Le 1er janvier 2018, la Corse connaîtra son quatrième changement de statut depuis 1982 et deviendra la première région métropolitaine à connaître la fusion de ses deux départements et de la collectivité territoriale en une collectivité unique. Il n’y aura plus qu’une seule instance qui gérera les compétences habituellement dévolues aux départements et aux régions, en sus des compétences spécifiques dévolues à la Collectivité territoriale de Corse. Les élus assureront la gestion de l’île en matière, entre autres, de réseau routier, d’aménagement du territoire, de développement économique ou d’action sociale.

Voulue par la loi sur la nouvelle organisation territoriale de la République (NOTRe), cette organisation institutionnelle inédite a été précisée, en matière budgétaire, financière, fiscale et comptable, par trois ordonnances ratifiées par le Parlement le 7 mars. Le budget de la collectivité devrait avoisiner 1 milliard d’euros, mais il est d’ores et déjà grevé par l’important volume de la dette, de l’ordre de 600 millions d’euros.

Les adversaires de la réforme dénoncent une « usine à gaz » qui devrait employer quelque 4 200 agents pour une population de 320 000 habitants et des incertitudes en matière de statut des agents, de temps de travail ou de rémunération. Une chambre des territoires, censée assurer une représentation du rural, regroupera les élus locaux des intercommunalités et des communes. Son rôle ne sera cependant que purement consultatif.

  • Qui se présente à l’élection ?

Les 3 et 10 décembre, sept listes se disputeront les suffrages des 140 000 électeurs corses :

  • Pè a Corsica (« Pour la Corse », nationaliste) ;
  • A strada di l’avvene (« La voie de l’avenir », droite « régionaliste ») ;
  • Voir plus grand pour elle (soutenue par Les Républicains) ;
  • Andà per dumane (« En avant vers demain », La République en marche) ;
  • Rassemblement pour une Corse républicaine (Front national) ;
  • L’Avenir, la Corse en commun (La Corse insoumise-PCF) ;
  • Core in fronte (nationaliste).

La future assemblée verra son nombre de « conseillers » porté de 51 à 63 (et 14 « conseillers exécutifs »).

  • Qui est favori ?

Les nationalistes, qui contrôlent déjà la région depuis décembre 2015, paraissent en position de force avant ce scrutin, l’opposition ayant eu du mal à s’organiser.

La droite se divise ainsi entre deux listes, les « régionalistes » d’un côté et la liste soutenue officiellement par Les Républicains de l’autre. La gauche, elle, peine à se remettre du départ de Paul Giacobbi, condamné à trois ans de prison et à cinq ans d’inéligibilité pour « détournement de fonds publics » par le tribunal correctionnel de Bastia en janvier – il a fait appel de la décision.

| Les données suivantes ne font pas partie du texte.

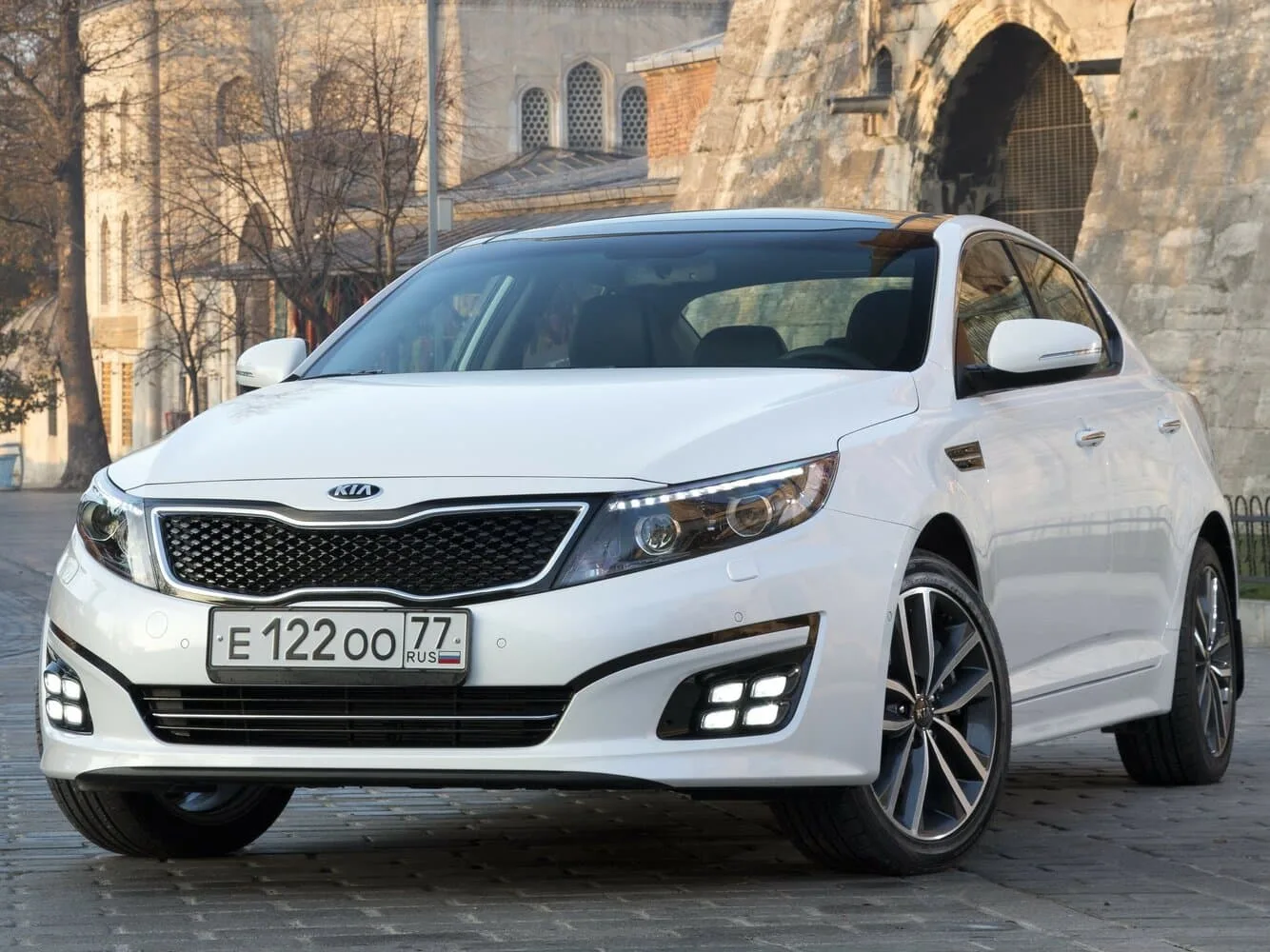 Kia Optima III Рестайлинг — фото 2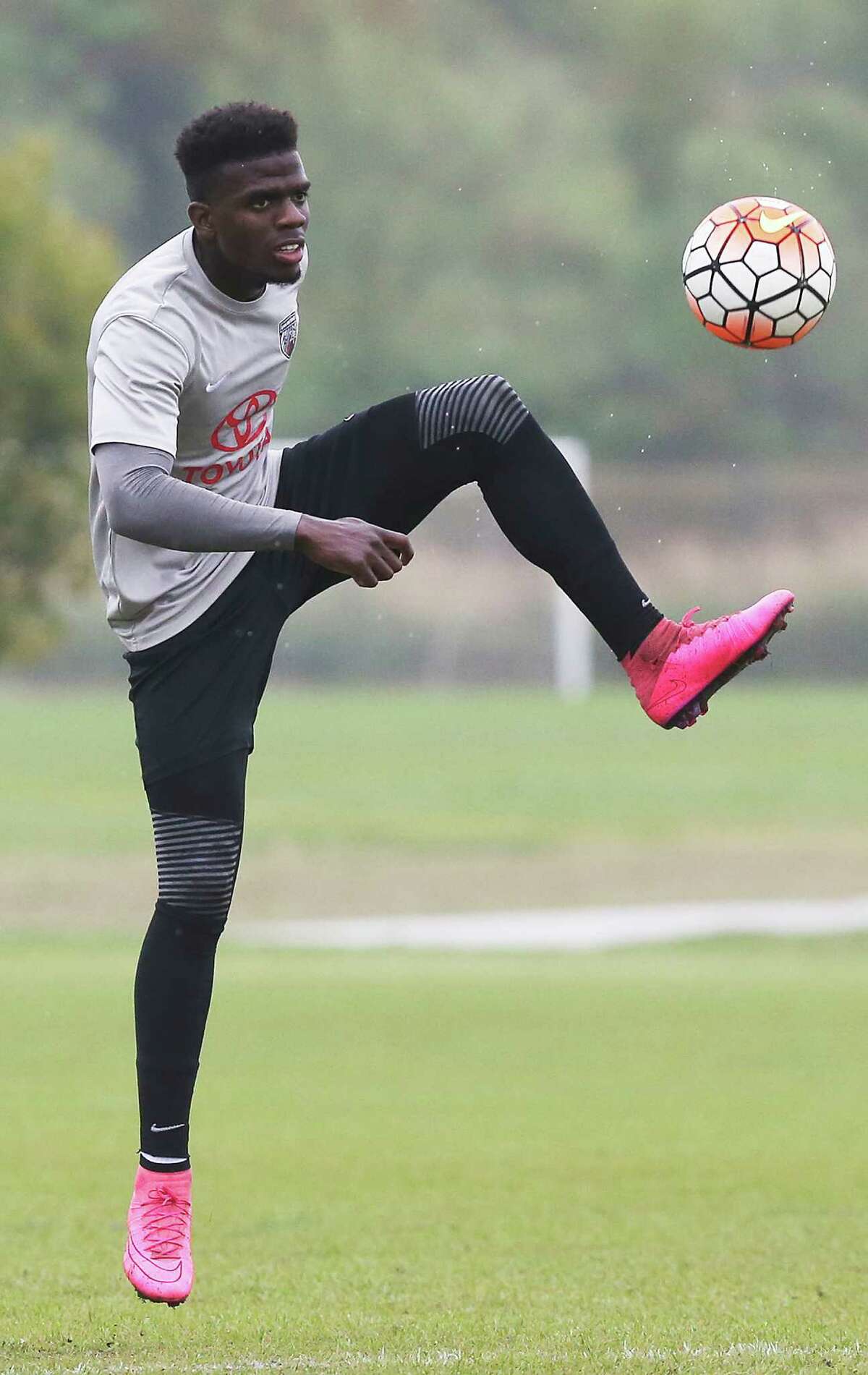 Jason Johnson fields a ball during a worksout for San Antonio FC at the STAR Soccer Complex on March 29, 2016.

Seul un front de circonstance au second tour entre la droite et les néo-candidats de La République en marche semblerait en mesure de contrecarrer les visées nationalistes.

  • L’abstention, la grande inconnue ?

Le taux de participation sera observé de près lors de ce premier tour dans une île lassée des votes à répétition ces dernières années. Une note de l’Insee rendue publique en octobre montre que la Corse est la région de France avec le taux d’inscription sur les listes électorales le plus faible et l’abstention systématique la plus élevée.